Extract top positive and negative values from dataframe and fill them into a formatted text using R

I'm trying to extract material infos whose price increase and decrease the most top 3 base on pct_change column.

Data:

df <- structure(list(material = c("Copper", "Aluminum", "Iron", "Zinc", 
"Nickel", "Silver", "Gold", "Tin"), price = c(17125, 8312, 2228.5, 
2934, 4315, 8178, 4411, 680), pct_change = c(0.025449102, 0, 
-0.024939838, 0.062470043, -0.043873255, -0.004625122, 0.045031392, 
-0.037508846)), class = "data.frame", row.names = c(NA, -8L))

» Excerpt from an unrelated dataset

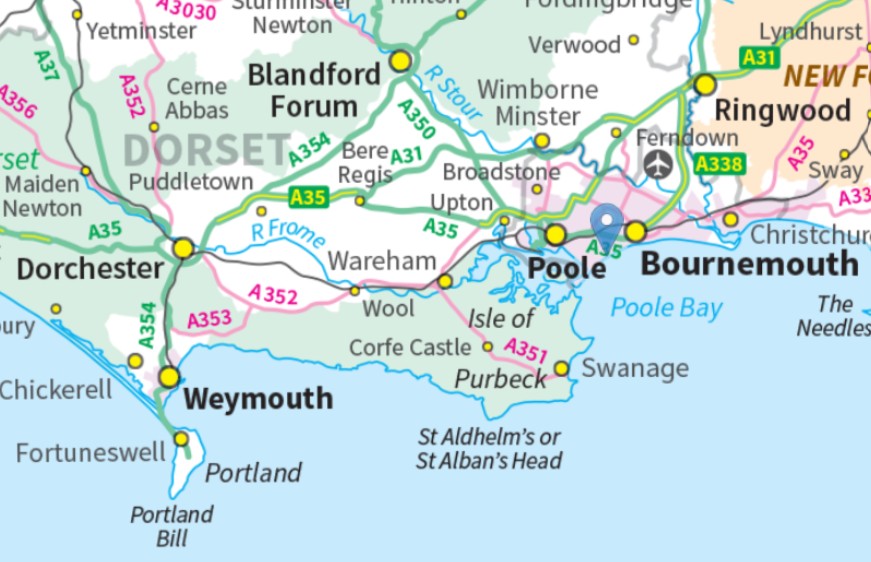 A modern OS map showing Dorset and Hampshire with Poole and Bournemouth in the eastern half. The map pin from before is in the same place. A faint grey line encircles Poole, Bournemouth and Christchurch, indicating the council boundary.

My expected result will be a paragraph of text as follows:

text <- 'The top 3 commodities that price rise most are: Zinc (6.25%), Gold (4.5%), and Copper (2.54%), 
the top 3 commodities that fall most are: Nickel (-4.39%), Tin (-3.75%) and Iron (-2.49%).'

My trial code works, but not concise, does someone could share other more efficient solutions? Thanks.

top3 <- df %>% 
  arrange(desc(pct_change)) %>% 
  mutate(pct_change=scales::percent(pct_change)) %>% 
  slice_head(n=3)

tail3 <- df %>% 
  arrange(pct_change) %>% 
  mutate(pct_change=scales::percent(pct_change)) %>% 
  slice_head(n=3)

com_name_up1 <- top3$material[1]
com_pct_up1 <- top3$pct_change[1]

com_name_up2 <- top3$material[2]
com_pct_up2 <- top3$pct_change[2]

com_name_up3 <- top3$material[3]
com_pct_up3 <- top3$pct_change[3]

com_name_down1 <- tail3$material[1]
com_pct_down1 <- tail3$pct_change[1]

com_name_down2 <- tail3$material[2]
com_pct_down2 <- tail3$pct_change[2]

com_name_down3 <- tail3$material[3]
com_pct_down3 <- tail3$pct_change[3]

text <- glue('The top 3 commodities that price rose most are: {com_name_up1} ({com_pct_up1}), 
{com_name_up2} ({com_pct_up2}), and {com_name_up3} ({com_pct_up3}), 
the top 3 commodities that fell most are: {com_name_down1} ({com_pct_down1}), 
             {com_name_down2} ({com_pct_down2}) and {com_name_down3} ({com_pct_down3}).')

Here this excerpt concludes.